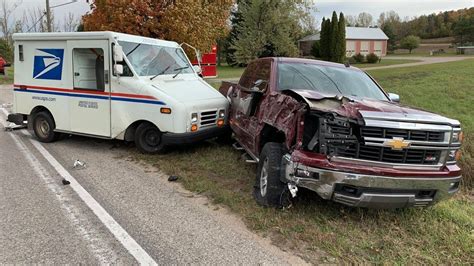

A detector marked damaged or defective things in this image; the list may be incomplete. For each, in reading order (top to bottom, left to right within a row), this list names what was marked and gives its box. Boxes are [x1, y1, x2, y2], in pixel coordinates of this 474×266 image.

collision damage [223, 57, 462, 209]
heavily damaged truck front [226, 57, 462, 209]
crumpled hood [286, 89, 462, 127]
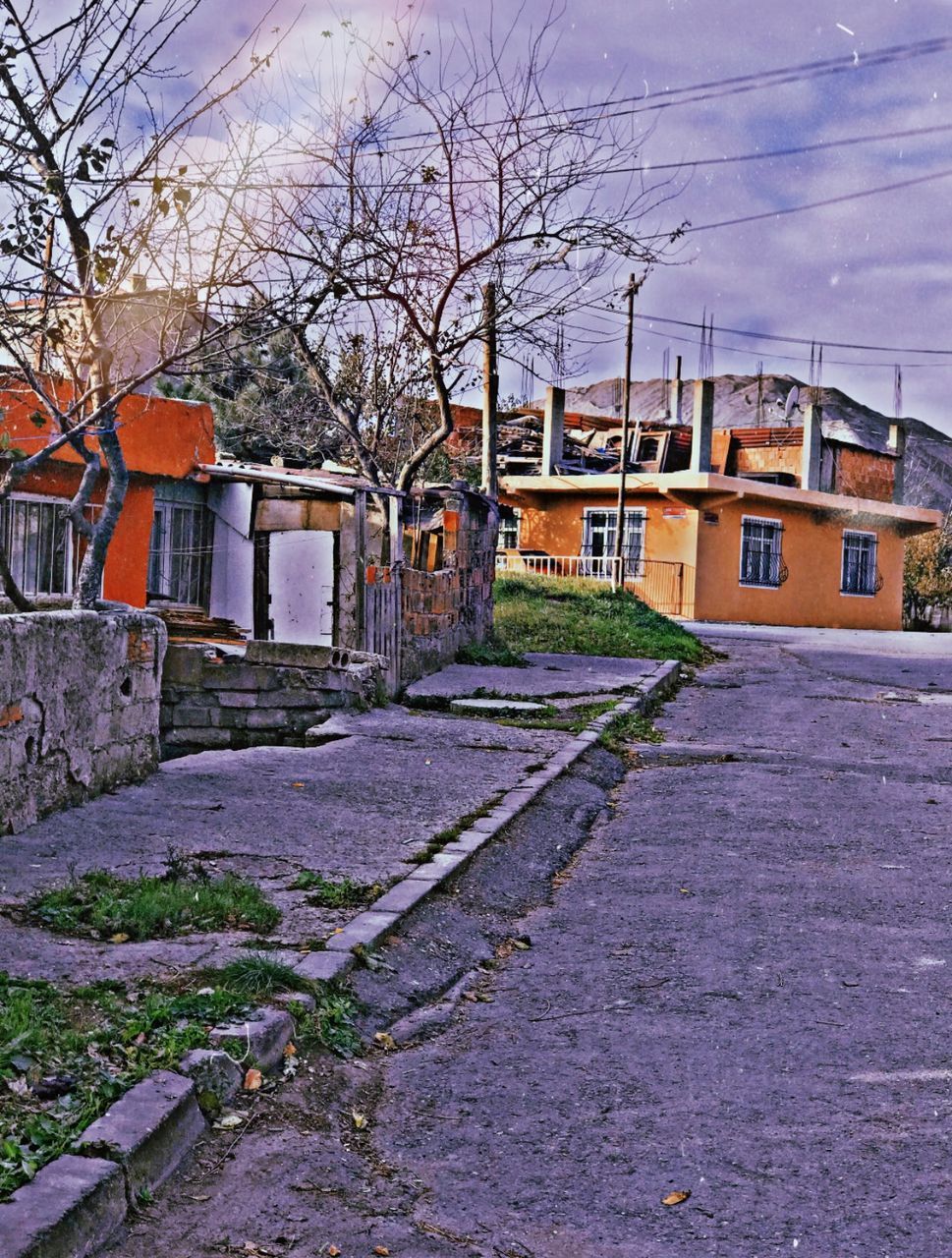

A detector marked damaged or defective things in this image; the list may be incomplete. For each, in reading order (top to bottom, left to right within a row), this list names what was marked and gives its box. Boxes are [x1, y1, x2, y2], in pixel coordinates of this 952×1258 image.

wall with peeling paint [0, 611, 165, 834]
cracked pavement [103, 629, 950, 1258]
broken concrete slab [0, 1152, 126, 1258]
broken concrete slab [77, 1071, 203, 1197]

• **Exercise**: Reproduce the material above exactly but drop all images.

• **Solution for this exercise**:
A detector marked damaged or defective things in this image; the list may be incomplete. For each, in reading order (top to bottom, left to right within a row), this list names what was marked and gives its box. Boxes are [x1, y1, x2, y2], in pixel coordinates of this 474×266 image.

collision damage [223, 57, 462, 209]
heavily damaged truck front [226, 57, 462, 209]
crumpled hood [286, 89, 462, 127]

A detector marked damaged or defective things in this image; the list may be incomplete. For each, in reading order (top to bottom, left to right within a row), this list names what was marked and gives its box. Boxes are [x1, y1, x2, y2], in pixel coordinates of this 952×1258 image.

wall with peeling paint [0, 611, 165, 834]
cracked pavement [103, 629, 950, 1258]
broken concrete slab [0, 1152, 126, 1258]
broken concrete slab [77, 1071, 203, 1197]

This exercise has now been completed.